Dedicated to the most famous and controversial culture in Ukraine. Trypillian culture has existed since the end of the 6th to the beginning of 3rd millennium BC. It got its name in the early twentieth century by the site of the excavations, that was made by Vikentiy Khvoyka in 1896-1898 near town Trypillia (now – Trypillia village, Obukhov district, Kyiv region).
On May 18, 2018, the renovated hall opened its doors to present an exhibition of Trypillian ceramics from the collection of the PLATAR Historical Heritage Museum.
The exhibits, that were selected for display in the exhibition, show the variety and range of ceramics production during the golden age of Trypillian culture. Different shapes, sizes, method of use, paint and ornament. They tried to reproduce in ceramics everything that surrounded them. Thereby giving us the opportunity to learn about their lifestyles.
Traditions and beliefs
Reflection of the Trypillian temple, an enlarged anthropomorphic female figure and a trinocular vessel convey the sacral world of Trypillians, their beliefs and customs.

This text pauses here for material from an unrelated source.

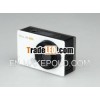 Wifi Camera with 1080P Full HD and Waterproof Case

The pantheon of the Trypillian gods is still in the process of research, nevertheless the products they created speak to us through time. Beliefs and rituals are reported about people, that had lived on this land for two thousand years before modern civilizations appeared.
From symbols to signs
On ceramics you can see the signs and symbols used by Trypillians during their golden age. Each pot is unique, because it tells its own story through symbols and a form created by a master craftsman. Now we know over 300 signs and blocks of signs that have unfortunately not advanced to writing system.
The excavations reveal thousands of various anthropomorphic and zoomorphic statuettes, which are often found to be broken. Small pots with an altar symbol that can fit in the palm of your hand. And also mysterious binocular vessels with through holes, the value of which still causes debate in scientists.
The sacral world of Trypillians presented in the original exhibition of Trypillian ceramics filled the third hall of the Kiev Regional Archaeological Museum.